Editor’s note: Jimmy Akin’s new book A Daily Defense comprises 365 one-page defenses (plus one for leap year) of typical challenges to the Catholic Faith. These daily doses of apologetics are designed to arm the reader with short-form answers and tips for delving deeper into any particular subject. Through the end of the year, the Catholic Answers blog will run occasional excerpts.
CHALLENGE
“I can’t imagine being happy for all eternity in heaven. Sitting on a cloud playing a harp sounds boring.”
DEFENSE
The reality of heaven transcends human imagination, and popular images of it are only pointers.
The depiction of robed saints sittting on clouds and playing harps is a modern one. It is found in art and on greeting cards, but it mashes images together in a way not found in the Bible.
Scripture uses many images for heaven. The most fundamental is the sky. John Paul II explained: “In biblical language ‘heaven,’ when it is joined to the ‘earth,’ indicates part of the universe. Scripture says about creation: ‘In the beginning God created the heavens and the earth’ (Gen. 1:1)” (General Audience, July 21, 1999).

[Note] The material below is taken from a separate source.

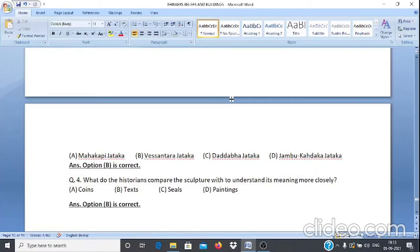Case Study 4, Q4: What do historians compare the sculpture with to understand its meaning more closely? A. Coins, B. Text, C. Seals, D. Paintings. The answer is option B — text.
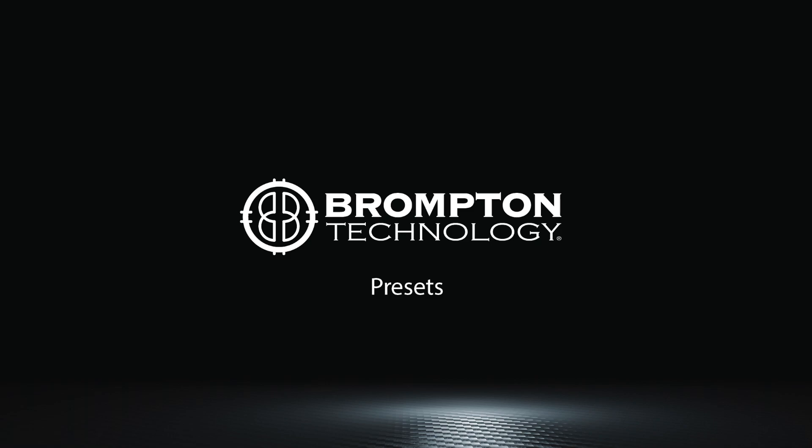We will cover presets more when we look at live control in a later video. See you in the next tutorial.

The sky, in turn, was used as an image of where God dwells: “Metaphorically speaking, heaven is understood as the dwelling-place of God, who is thus distinguished from human beings (see Ps. 104:2–3; 115:16; Isa. 66:1). He sees and judges from the heights of heaven (see Ps. 113:4–9) and comes down when he is called upon (see Ps. 18:9, 10; 144:5). However, the biblical metaphor makes it clear that God does not identify himself with heaven, nor can he be contained in it (see 1 Kings 8:27)” (ibid.).

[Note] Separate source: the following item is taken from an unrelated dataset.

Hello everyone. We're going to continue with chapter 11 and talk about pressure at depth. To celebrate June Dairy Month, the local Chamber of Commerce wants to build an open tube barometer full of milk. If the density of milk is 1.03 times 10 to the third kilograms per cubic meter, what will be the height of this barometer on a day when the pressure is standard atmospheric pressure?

Scripture uses other images of heaven, though we need to be sensitive to their limitations too. The Catechism explains: “This mystery of blessed communion with God and all who are in Christ is beyond all understanding and description. Scripture speaks of it in images: life, light, peace, wedding feast, wine of the kingdom, the Father’s house, the heavenly Jerusalem, paradise: ‘no eye has seen, nor ear heard, nor the heart of man conceived, what God has prepared for those who love him’ (1 Cor. 2:9)” (CCC 1027).

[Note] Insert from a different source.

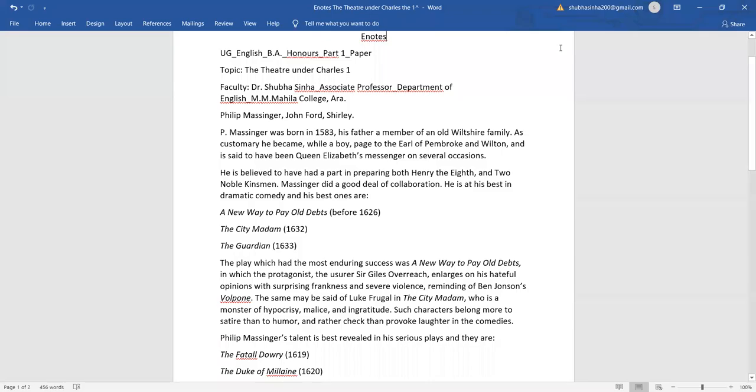Welcome learners to this session of English BA Honours Part 1, Paper 1. The topic today is the Theatre under Charles I. In this session, we'll be taking up Philip Messenger, John Ford, and Shirley. Today only Philip Messenger.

We thus shouldn’t be confused by modern images depicting saints sitting on clouds with harps. “In the context of revelation, we know that the ‘heaven’ or ‘happiness’ in which we will find ourselves is neither an abstraction nor a physical place in the clouds, but a living, personal relationship with the Holy Trinity. It is our meeting with the Father which takes place in the risen Christ through the communion of the Holy Spirit” ( John Paul II, op. cit.).